Data shown Start Marker
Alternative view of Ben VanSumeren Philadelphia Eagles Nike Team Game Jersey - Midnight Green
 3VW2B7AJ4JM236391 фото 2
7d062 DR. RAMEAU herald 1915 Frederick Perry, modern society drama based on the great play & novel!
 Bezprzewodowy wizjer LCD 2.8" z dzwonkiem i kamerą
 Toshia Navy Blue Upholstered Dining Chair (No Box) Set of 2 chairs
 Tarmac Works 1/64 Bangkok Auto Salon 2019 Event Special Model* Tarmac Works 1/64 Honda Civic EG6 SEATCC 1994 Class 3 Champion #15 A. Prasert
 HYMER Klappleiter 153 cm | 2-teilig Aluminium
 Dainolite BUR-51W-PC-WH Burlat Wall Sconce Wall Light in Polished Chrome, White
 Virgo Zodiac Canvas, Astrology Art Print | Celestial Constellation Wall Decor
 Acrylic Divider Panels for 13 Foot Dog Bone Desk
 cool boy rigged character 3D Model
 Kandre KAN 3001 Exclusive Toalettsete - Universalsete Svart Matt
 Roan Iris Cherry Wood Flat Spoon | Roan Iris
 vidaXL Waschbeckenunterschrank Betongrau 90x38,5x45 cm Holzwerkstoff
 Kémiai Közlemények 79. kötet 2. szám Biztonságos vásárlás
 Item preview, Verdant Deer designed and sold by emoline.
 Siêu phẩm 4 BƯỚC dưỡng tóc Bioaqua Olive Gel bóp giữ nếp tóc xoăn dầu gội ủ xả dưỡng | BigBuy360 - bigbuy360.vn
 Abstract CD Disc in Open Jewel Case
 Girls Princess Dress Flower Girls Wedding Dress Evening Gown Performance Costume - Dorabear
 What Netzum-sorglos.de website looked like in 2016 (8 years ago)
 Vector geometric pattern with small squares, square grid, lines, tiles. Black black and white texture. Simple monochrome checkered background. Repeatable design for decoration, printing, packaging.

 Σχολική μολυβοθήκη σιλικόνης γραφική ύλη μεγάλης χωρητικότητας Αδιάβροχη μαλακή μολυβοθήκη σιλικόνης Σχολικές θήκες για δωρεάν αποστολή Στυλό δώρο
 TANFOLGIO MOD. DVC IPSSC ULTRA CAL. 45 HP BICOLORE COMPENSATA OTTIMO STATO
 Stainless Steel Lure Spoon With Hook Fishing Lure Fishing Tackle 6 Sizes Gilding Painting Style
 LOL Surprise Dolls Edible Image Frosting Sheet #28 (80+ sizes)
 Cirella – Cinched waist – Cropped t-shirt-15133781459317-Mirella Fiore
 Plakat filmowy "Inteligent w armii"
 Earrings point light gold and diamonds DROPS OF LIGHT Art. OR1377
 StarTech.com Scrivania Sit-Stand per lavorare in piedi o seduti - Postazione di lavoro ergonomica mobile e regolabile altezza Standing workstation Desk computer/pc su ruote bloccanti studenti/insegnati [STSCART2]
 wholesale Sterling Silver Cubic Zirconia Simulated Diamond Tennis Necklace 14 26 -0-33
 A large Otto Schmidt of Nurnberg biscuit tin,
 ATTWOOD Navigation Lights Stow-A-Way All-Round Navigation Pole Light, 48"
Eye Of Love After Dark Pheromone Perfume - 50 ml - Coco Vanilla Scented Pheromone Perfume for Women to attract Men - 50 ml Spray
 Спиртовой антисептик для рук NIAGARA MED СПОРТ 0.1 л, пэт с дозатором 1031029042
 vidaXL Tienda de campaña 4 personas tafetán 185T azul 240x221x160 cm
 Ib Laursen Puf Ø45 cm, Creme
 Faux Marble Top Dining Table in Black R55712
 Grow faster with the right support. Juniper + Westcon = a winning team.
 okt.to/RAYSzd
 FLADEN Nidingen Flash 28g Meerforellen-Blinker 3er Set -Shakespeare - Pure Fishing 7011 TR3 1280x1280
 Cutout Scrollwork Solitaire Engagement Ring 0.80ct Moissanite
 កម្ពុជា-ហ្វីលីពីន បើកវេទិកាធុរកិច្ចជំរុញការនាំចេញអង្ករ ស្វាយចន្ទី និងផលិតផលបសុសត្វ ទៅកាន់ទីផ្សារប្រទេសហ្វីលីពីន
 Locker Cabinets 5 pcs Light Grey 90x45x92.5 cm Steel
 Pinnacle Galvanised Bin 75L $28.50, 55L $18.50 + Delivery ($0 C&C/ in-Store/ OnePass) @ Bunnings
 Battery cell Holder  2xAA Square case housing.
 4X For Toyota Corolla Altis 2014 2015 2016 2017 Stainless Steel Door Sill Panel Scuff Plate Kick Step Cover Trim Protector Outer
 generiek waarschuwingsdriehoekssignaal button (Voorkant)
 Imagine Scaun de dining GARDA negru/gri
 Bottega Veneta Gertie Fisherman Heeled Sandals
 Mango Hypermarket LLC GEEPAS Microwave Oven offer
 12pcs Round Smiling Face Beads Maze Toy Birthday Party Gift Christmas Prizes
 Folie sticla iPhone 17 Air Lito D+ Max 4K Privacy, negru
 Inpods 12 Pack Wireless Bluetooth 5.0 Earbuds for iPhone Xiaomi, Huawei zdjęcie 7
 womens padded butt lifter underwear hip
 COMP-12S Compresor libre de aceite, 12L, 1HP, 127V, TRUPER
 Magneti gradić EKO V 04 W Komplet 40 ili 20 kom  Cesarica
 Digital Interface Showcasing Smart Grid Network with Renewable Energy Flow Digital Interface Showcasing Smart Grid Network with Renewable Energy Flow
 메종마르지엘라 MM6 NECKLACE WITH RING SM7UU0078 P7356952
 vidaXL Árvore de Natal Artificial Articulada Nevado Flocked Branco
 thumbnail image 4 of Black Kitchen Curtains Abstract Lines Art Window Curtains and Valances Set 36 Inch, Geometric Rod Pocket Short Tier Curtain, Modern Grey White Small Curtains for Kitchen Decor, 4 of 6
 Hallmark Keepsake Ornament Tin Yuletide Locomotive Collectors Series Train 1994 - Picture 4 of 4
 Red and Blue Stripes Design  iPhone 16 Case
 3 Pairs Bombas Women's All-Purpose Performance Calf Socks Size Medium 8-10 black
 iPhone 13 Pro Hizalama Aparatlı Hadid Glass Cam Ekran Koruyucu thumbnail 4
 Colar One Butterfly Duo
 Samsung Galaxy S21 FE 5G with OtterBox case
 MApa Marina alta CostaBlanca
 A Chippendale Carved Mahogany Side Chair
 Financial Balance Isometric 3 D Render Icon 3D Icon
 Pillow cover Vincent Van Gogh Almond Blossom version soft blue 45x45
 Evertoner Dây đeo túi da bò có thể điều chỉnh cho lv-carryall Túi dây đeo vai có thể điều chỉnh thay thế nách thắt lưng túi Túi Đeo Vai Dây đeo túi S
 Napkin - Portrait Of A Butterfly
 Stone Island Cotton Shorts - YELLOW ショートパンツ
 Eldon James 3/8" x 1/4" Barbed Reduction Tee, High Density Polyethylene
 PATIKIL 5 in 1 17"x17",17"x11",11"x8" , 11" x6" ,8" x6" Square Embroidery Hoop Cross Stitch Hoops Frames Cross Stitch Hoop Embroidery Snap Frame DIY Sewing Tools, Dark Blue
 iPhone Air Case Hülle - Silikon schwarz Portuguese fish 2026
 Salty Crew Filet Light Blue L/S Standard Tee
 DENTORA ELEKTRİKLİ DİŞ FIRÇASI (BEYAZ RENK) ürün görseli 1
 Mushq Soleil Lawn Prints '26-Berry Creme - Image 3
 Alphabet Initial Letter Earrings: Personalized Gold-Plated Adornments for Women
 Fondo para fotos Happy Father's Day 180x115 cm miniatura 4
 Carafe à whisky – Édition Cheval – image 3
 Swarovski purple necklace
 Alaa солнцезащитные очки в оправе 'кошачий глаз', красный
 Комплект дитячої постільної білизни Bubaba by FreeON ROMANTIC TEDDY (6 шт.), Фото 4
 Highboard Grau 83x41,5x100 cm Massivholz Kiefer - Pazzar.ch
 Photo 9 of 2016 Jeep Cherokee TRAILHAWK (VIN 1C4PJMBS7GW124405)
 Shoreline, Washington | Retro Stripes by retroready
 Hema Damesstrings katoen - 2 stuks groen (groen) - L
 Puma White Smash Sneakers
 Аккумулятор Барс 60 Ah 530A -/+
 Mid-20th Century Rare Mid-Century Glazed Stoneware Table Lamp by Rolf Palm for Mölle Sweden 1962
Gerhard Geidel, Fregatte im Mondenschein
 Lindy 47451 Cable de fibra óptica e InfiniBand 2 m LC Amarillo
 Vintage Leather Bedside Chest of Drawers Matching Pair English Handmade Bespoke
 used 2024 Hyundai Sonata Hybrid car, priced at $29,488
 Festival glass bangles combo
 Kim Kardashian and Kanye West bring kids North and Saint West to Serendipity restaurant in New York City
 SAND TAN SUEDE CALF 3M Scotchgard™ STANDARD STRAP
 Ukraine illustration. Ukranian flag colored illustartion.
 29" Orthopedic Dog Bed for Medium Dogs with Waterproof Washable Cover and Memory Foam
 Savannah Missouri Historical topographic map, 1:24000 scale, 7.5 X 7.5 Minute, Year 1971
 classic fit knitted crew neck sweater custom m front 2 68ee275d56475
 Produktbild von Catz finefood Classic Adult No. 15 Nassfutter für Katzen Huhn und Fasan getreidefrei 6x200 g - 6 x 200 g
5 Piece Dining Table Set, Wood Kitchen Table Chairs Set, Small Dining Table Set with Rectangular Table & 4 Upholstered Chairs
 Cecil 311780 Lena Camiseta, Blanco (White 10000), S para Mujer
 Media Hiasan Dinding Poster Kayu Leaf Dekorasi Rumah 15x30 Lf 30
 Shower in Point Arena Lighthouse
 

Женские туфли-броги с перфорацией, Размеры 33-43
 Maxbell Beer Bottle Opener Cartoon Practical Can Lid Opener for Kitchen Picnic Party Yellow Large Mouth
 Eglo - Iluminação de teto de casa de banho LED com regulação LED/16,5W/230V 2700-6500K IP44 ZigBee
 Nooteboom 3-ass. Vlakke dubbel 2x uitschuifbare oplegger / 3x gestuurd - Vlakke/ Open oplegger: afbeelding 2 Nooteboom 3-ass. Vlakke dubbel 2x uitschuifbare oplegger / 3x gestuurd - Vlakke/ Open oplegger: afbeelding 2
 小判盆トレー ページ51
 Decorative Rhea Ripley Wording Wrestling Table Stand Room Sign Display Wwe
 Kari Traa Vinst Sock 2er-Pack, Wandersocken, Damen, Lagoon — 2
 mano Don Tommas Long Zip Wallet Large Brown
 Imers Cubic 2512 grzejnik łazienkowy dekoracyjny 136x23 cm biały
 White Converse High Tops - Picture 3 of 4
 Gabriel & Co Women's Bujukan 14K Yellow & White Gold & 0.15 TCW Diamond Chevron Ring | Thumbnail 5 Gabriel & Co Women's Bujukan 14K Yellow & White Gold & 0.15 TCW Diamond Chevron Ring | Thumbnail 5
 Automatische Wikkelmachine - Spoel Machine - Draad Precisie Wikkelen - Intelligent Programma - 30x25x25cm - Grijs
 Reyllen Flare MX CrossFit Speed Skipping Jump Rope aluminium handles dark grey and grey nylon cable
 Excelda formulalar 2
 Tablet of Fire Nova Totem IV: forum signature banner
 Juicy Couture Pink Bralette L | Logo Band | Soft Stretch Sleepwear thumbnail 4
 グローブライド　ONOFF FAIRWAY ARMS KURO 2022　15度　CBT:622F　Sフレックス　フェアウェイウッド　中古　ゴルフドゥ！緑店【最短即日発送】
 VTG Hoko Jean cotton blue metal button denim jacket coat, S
Data shown End Marker
### Work to complete
Nothing except a number is needed: how many lines of the entries contain the word "iPhone"?

### Finished exercise
5